I feel I should tell someone, but I'm afraid that this will break off a really good friendship.

What should I do?

— Conflicted in Maryland

DEAR CONFLICTED: I don't think hitting is "normal" in any particular culture, but hitting, striking or spanking is used as a form of punishment in various families.

I agree with you that — no matter what you call it — hitting is wrong; furthermore violence is not an effective form of discipline.

People respond differently to being hit, depending on how the punishment is given. A parent who beats a child with a scrub brush in a superstore isn't in control of her anger, and even if your friend thinks this is normal, to me it sounds painful and humiliating.

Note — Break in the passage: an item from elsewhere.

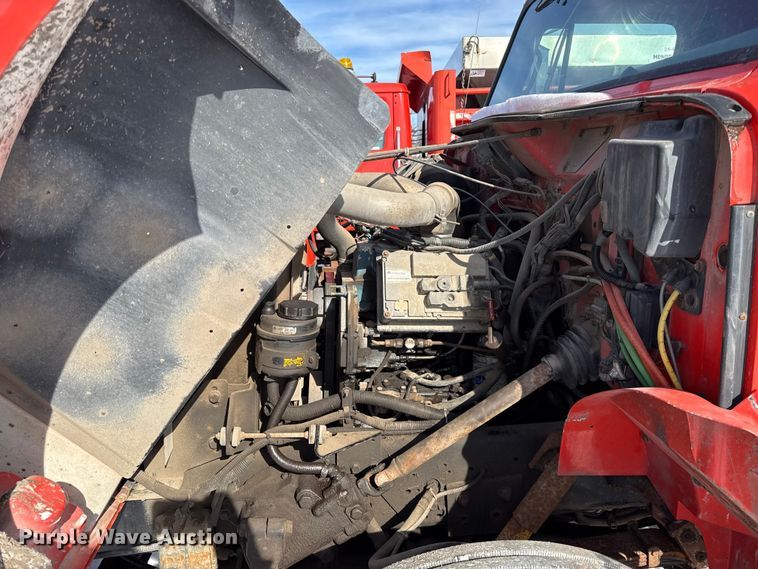 image for item DZ4284 1999 International 4900 dump truck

You should ask your friend how she feels about being punished in this way. Don't box her into a corner where she feels she needs to defend her parents, but because you are her friend, it's OK to ask.

You should also speak to your parents. They may suggest speaking with the school counselor.

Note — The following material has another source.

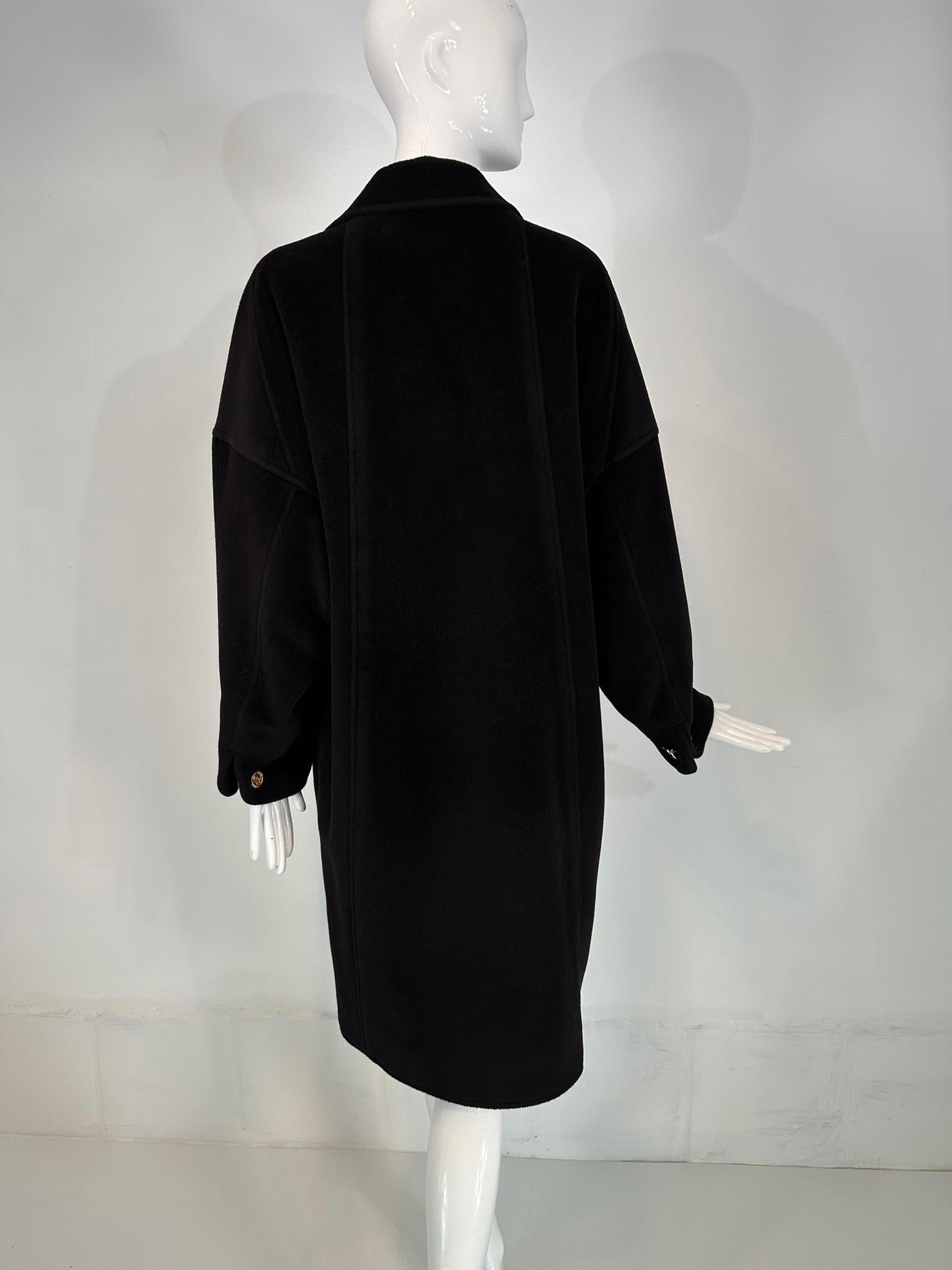 Chanel Cappotto Cocoon in cashmere nero Tasche a triangolo con bottoni Polsini a pressione 1988 in vendita 5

I agree with your instinct to tell an adult when you're faced with a dilemma. Grown-ups don't always know what to do, but we definitely want to help.


DEAR AMY: It has been a few months since I went on vacation without my boyfriend.

Before I left, things between us were not good.

I was unsure how he was feeling about me and was not too happy with my own life.

The trip was good, and the time spent apart was eye opening.

Now things are wonderful, but one thing nags me.

While I was gone I had too much to drink one night, walked off with a guy and allowed him to kiss me. It was very brief, and then it was over.

I was so intoxicated I don't really remember the whole situation.

I haven't told my boyfriend, and it still bothers me.

Is this something I should communicate to him if we are to have an open and honest relationship?

Or should I just move on?

— Confused

DEAR CONFUSED: There's a reason the catchphrase "what happens in Vegas, stays in Vegas" has caught on.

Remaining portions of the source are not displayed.